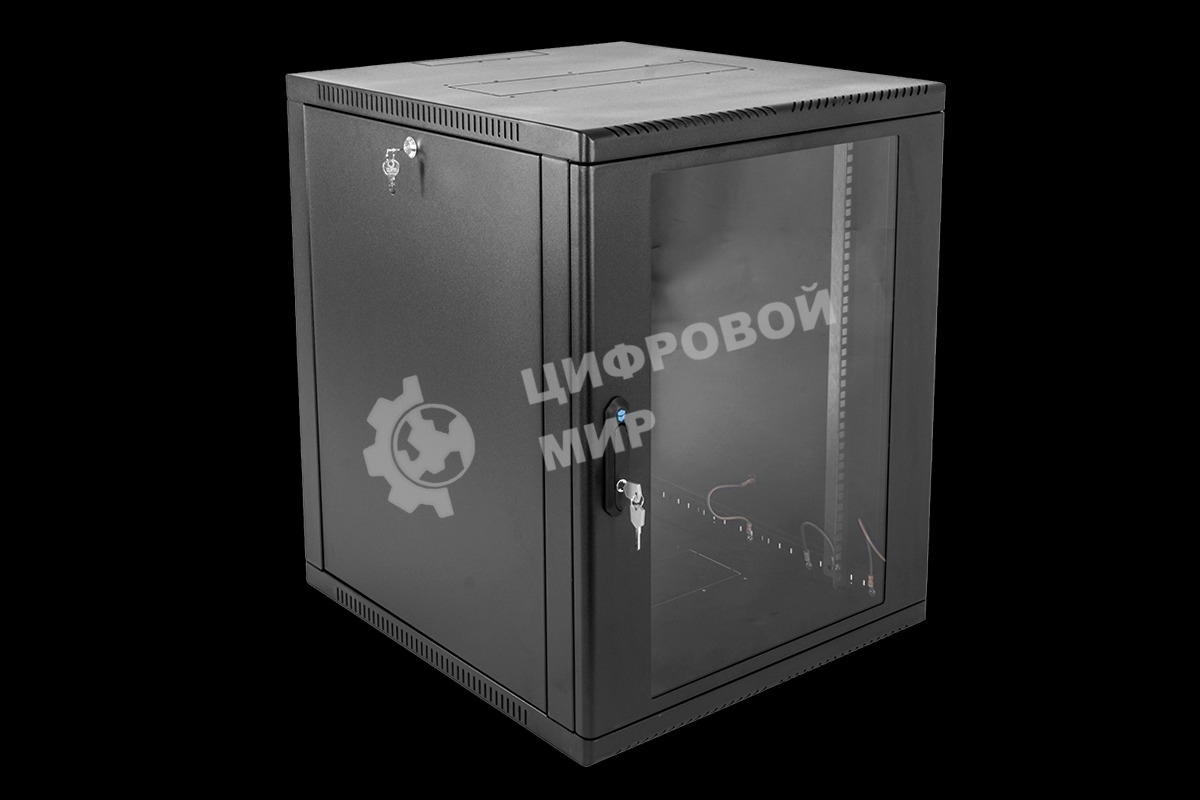 Шкаф коммутационный ЦМО ШРН-15.650-9005 настенный 15U 600x658мм пер.дв.стекл 200кг черный 600мм 180град.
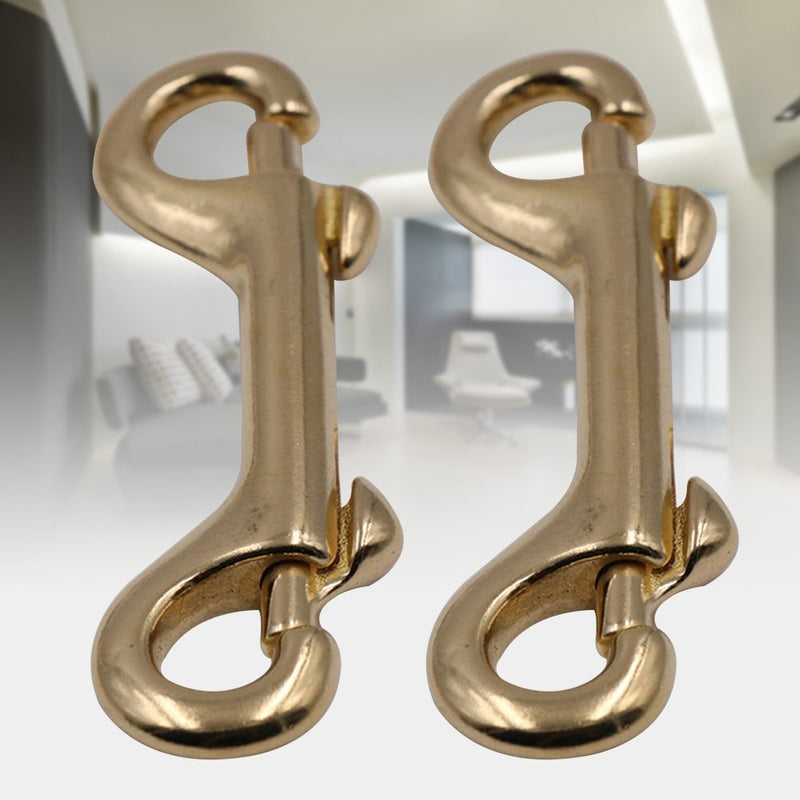 [AUSTRALIA] - UKCOCO 2 Pack Scuba Diving Double Ended Brass Trigger Clips Snap Hook for Bag Key Keychain Luggage Strap 90mm 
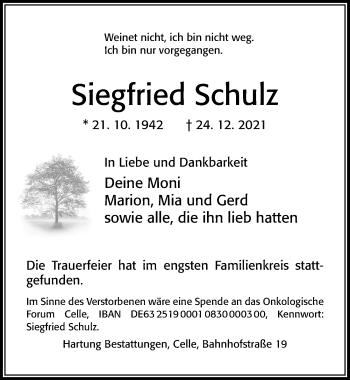 Traueranzeige von Siegfried Schulz von Cellesche Zeitung
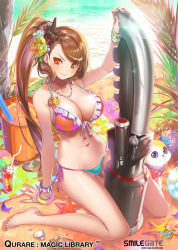 Rule 34 | 1girl, animal, arm support, bare legs, barefoot, beach, bikini, bracelet, breasts, brown eyes, brown hair, cleavage, feet, flower, frilled bikini, frills, front-tie top, hair flower, hair ornament, heterochromia, huge weapon, jewelry, large breasts, lens flare, long hair, long legs, navel, necklace, outdoors, popqn, qurare magic library, red eyes, side-tie bikini bottom, side ponytail, sitting, smile, solo, swept bangs, swimsuit, toes, very long hair, wariza, weapon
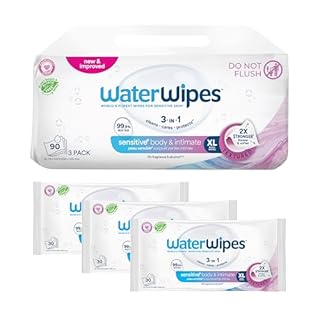 WaterWipes Sensitive Whole Body Cleansing Wipes, 99.9% Purified Water, XL Textured Wipes, Incontinence Care, Fragrance Free, 90 Count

::::

▶ _Your objective_
The copy should hold only the lines from the one with "[AUSTRALIA] - UKCOCO" through the one with "Traueranzeige von Siegfried", exactly as they stand above. Leave out the pictures.

▶ _Exercise response_
 [AUSTRALIA] - UKCOCO 2 Pack Scuba Diving Double Ended Brass Trigger Clips Snap Hook for Bag Key Keychain Luggage Strap 90mm 
 Traueranzeige von Siegfried Schulz von Cellesche Zeitung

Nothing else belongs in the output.